- _What is expected_: Reproduce every line of the material below, but drop the pictures.

- _Data excerpt_:
+++
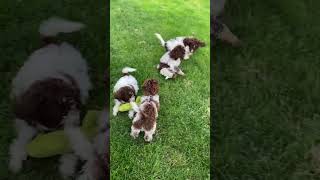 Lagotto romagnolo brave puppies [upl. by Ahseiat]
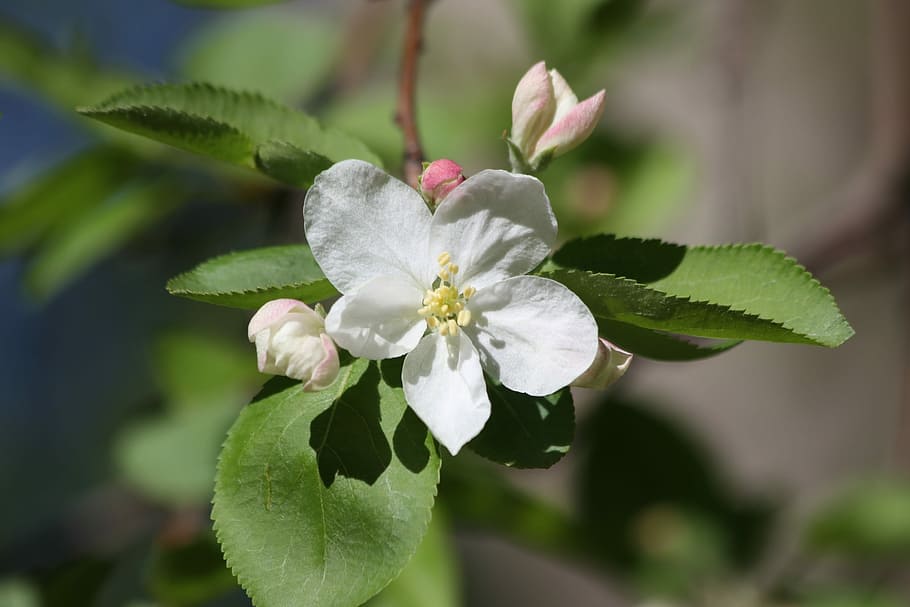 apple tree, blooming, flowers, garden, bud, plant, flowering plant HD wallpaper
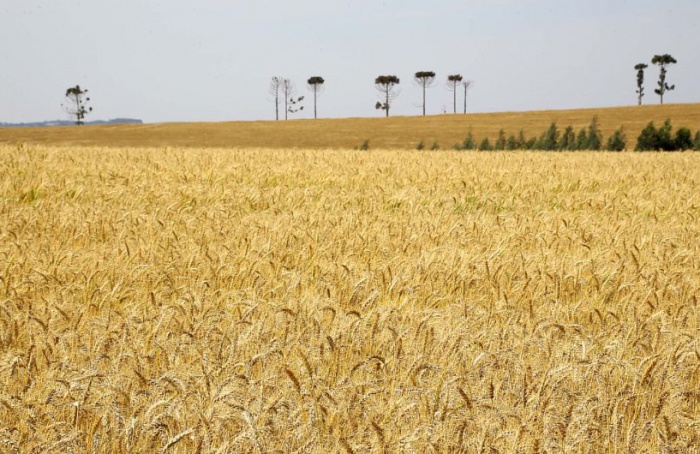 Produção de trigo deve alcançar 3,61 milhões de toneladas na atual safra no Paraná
+++
- _Solution_:
 Lagotto romagnolo brave puppies [upl. by Ahseiat]
 apple tree, blooming, flowers, garden, bud, plant, flowering plant HD wallpaper
 Produção de trigo deve alcançar 3,61 milhões de toneladas na atual safra no Paraná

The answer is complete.